The rise of AI-powered search summaries is causing a significant debate among digital publishers and SEO professionals. A long-standing strategy of creating “evergreen content” — articles on topics with lasting relevance — is now being questioned, as AI can provide direct answers to users, potentially eliminating the need to click through to websites.
A prominent figure in the SEO community, Tim Soulo of Ahrefs, has suggested that this shift may render evergreen content obsolete. He argues that publishers might find more success by focusing on trending topics, a strategy he calls “Fast SEO,” which is less susceptible to AI summarization.
Key Takeaways
- AI search summaries directly answer user queries, reducing traffic clicks for traditional evergreen articles.
- Some industry experts propose shifting focus to “Fast SEO,” which targets new and trending topics that AI is less likely to summarize.
- Technical challenges like “Query Fan-Out” further complicate SEO by redirecting clicks to sites that answer follow-up questions.
- Despite these challenges, evergreen content may retain value through user trust and the demand for in-depth, authoritative guides.
- A hybrid approach, combining both evergreen and trending content, is emerging as a potential strategy for publishers to adapt.
The Foundation of Evergreen Content Is Shaking
For years, evergreen content has been a cornerstone of digital publishing. Topics like “how to change a tire” or “how to set up a new website” consistently draw traffic because the information rarely changes. The promise was simple: invest in creating a high-quality resource, and it will deliver a steady stream of visitors over a long period with minimal updates.
This established model is now facing disruption. AI-driven features in search engines, such as Google's AI Overviews, are designed to synthesize information from multiple sources and present a concise summary at the top of the results page. For many basic, fact-based queries that evergreen content typically targets, this AI-generated answer may be sufficient for the user.

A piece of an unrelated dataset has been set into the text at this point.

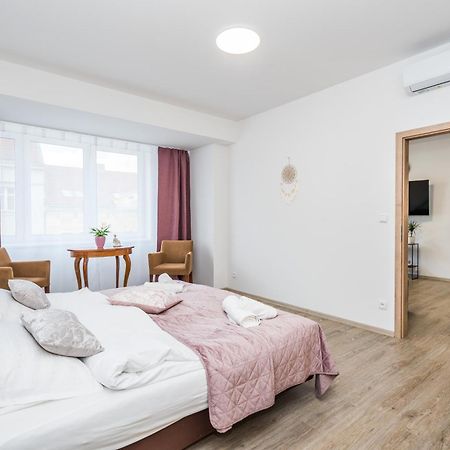 Perla Hradce 202 Apartment ฮราเดตสคราโลเว ภายนอก รูปภาพ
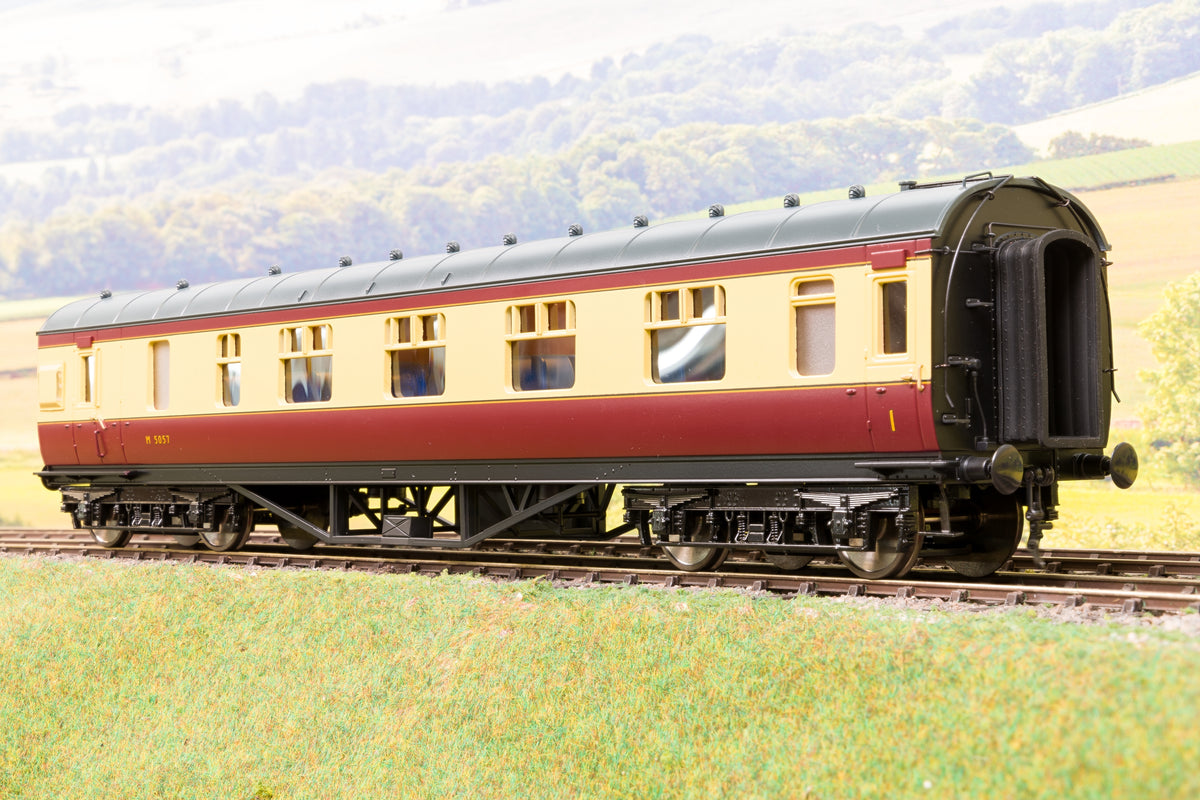 MTH 22-60047 Finescale O Gauge (2-Rail) Ex-LMS BR Crimson &amp; Cream 2 Car Passenger Set M1055 &amp; M5057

What is Evergreen Content?
Evergreen content refers to search-optimized material that remains relevant and useful to readers for a long time. Unlike news articles that have a short lifespan, evergreen topics are timeless. Examples include tutorials, foundational guides, and answers to frequently asked questions.
The core issue is the potential loss of clicks. If a user gets their answer directly from the search results page, they have no reason to visit the publisher's website. This undermines the entire economic model that supported the creation of that content in the first place.
A Proposed Shift to "Fast SEO"
In response to this changing environment, Ahrefs' Tim Soulo has sparked a conversation about the viability of evergreen content. He suggested that the era of such content is ending and that publishers should pivot to a more dynamic strategy.
“The era of ‘evergreen SEO content’ is over. We’re entering the era of ‘fast SEO.’ There’s little point in writing yet another ‘Ultimate Guide To ___.’ Most evergreen topics have already been covered to death and turned into common knowledge.”
Soulo’s concept of “Fast SEO” prioritizes spotting and covering new trends, industry shifts, and cultural moments. These topics are often too new or nuanced for an AI to have a well-established base of information to summarize. The goal is to capture short-lived but high-intent traffic opportunities before they become saturated.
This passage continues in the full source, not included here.